Para comprender las medidas tomadas por el gobierno juarista, es necesario situarse en las condiciones adversas que se ocuparon en crearle sus poderosos adversarios. La de Juárez no fue una gesta persecutoria en contra de una Iglesia católica débil y arrinconada. Fue una confrontación inevitable ante la decisión del poder conservador y clerical de combatir con todo a quien pretendía erigir un gobierno independiente de las directrices eclesiásticas. La Iglesia católica era un poder económico y político, y por supuesto religioso, que tutelaba las vidas de los ciudadanos desde su nacimiento hasta su muerte. Dejar fuera del análisis esta realidad significaría perder de vista las dimensiones del adversario enfrentado por Juárez.

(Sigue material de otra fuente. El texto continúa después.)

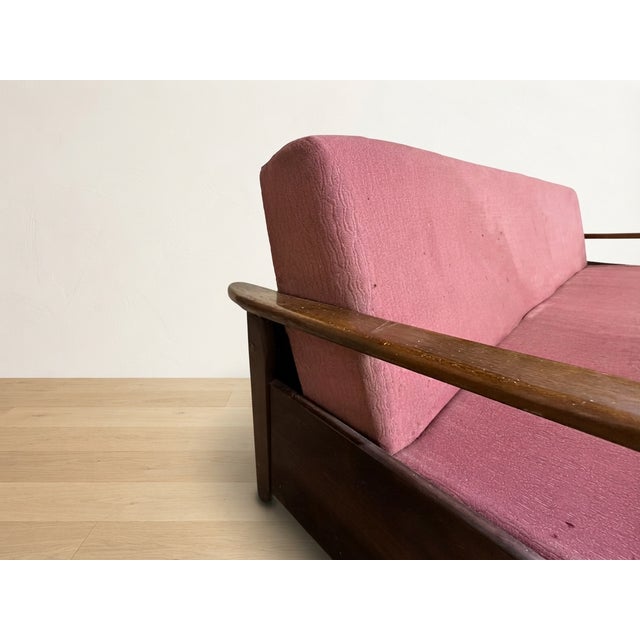 Mid-Century Modern Burgundy Folding Sofa Bed from Edmund Homa, Czechoslovakia, 1960s For Sale - Image 14 of 15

La ley del 4 de diciembre de 1860 permitió a las células protestantes que se desarrollaban en el país salir a la luz pública. Les reconoció la base legal para desarrollar sus actividades y abrió la posibilidad de diversificar al país en cuanto a la elección de los ciudadanos sobre su identidad religiosa. Uno de los ataques conservadores a Juárez es que favoreció al protestantismo, en detrimento de la unidad religiosa católica. Incluso se cita reiteradamente lo que Justo Sierra asegura expresó Juárez sobre la descatolización del país: «Desearía que el protestantismo se mexicanizara conquistando a los indios; éstos necesitan una religión que les obligue a leer y no les obligue a gastar sus ahorros en cirios para los santos». Lo cierto es que el protestantismo ya estaba en desarrollo en México, aunque de forma incipiente, cuando Juárez decretó la libertad de cultos.

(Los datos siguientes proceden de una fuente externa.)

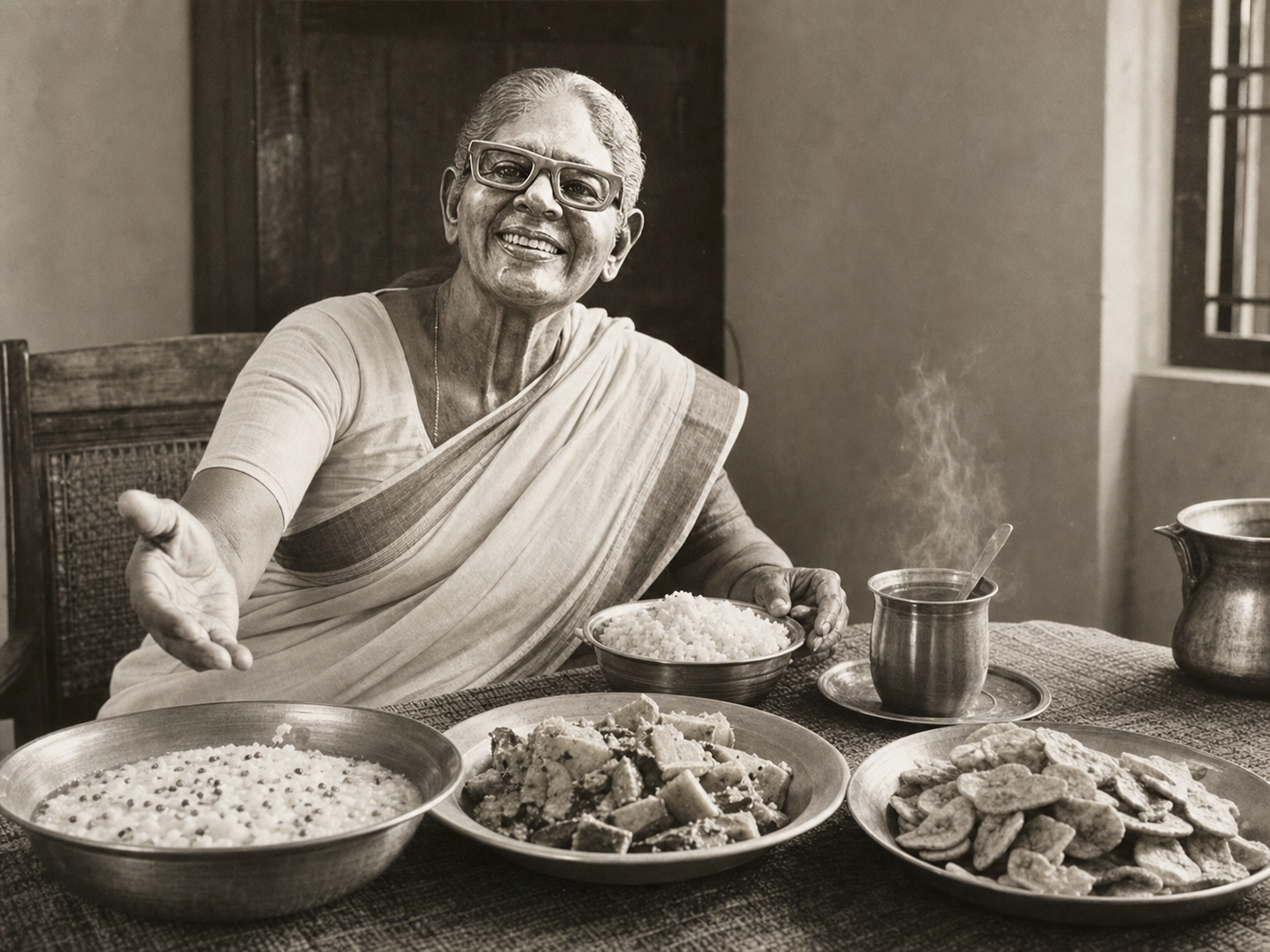 Anna Mani at the table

Por otro lado, sin lugar a dudas, la reforma jurídica juarista permitió ejercer un derecho negado por la Iglesia católica, la que deseaba mantener cerrado al país a la pluralidad religiosa. El de Juárez fue un acto democratizador, que el conservadurismo católico no le perdonó.

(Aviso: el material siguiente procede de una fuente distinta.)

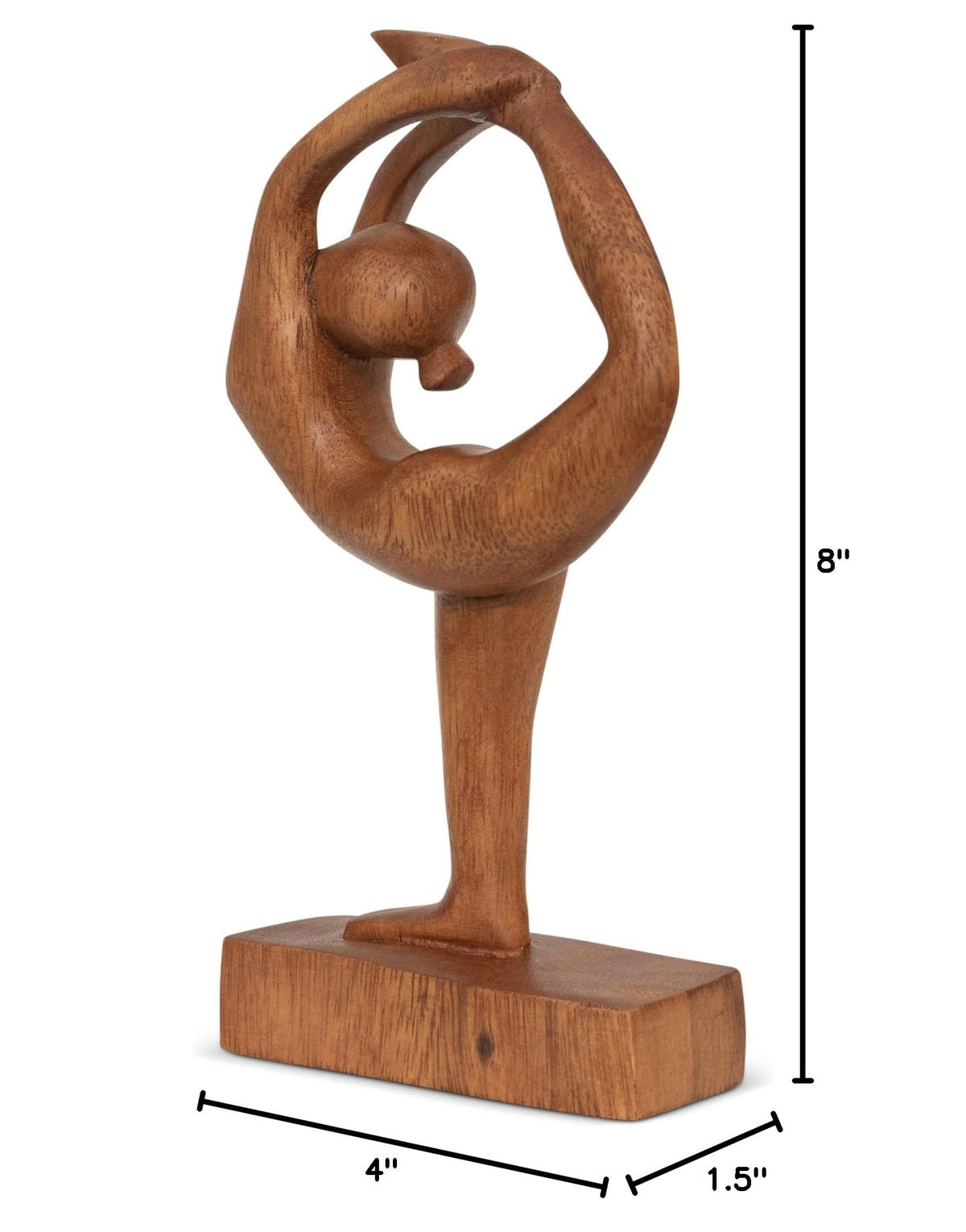 8" Wooden Handmade Abstract Sculpture Art Decorative Home Decor Handcrafted Figurine Accent Decoration Artwork Hand Carved (Dancer Pose - Both Hands Holding Foot)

Dos décadas y media después del alegato de Vicente Rocafuerte a favor de la tolerancia religiosa, un grupo de sacerdotes católicos, que fue conocido como los “padres constitucionalistas”, por su decidido apoyo a la Constitución de 1857, y simpatía por los liberales que buscaban romper el dominio que sobre las instituciones estatales tenía la cúpula clerical católica, se dedicó a explorar la posibilidad de crear la Iglesia mexicana, libre del dominio de Roma. Uno de ellos, Manuel Aguilar Bermúdez, iría más allá de la crítica para establecer una congregación no católica romana.

De la crítica al dominio de la Iglesia católica en México en el siglo xix, a partir de la quinta década de esa centuria algunos grupos fueron más allá e inician comunidades protestantes. En tales intentos confluyeron ideas y personajes que han sido oscurecidos por el desconocimiento histórico, lo que ha llevado a casi olvidarles como precursores del amplio abanico protestante/evangélico emergente en la década de los años setenta del siglo XIX.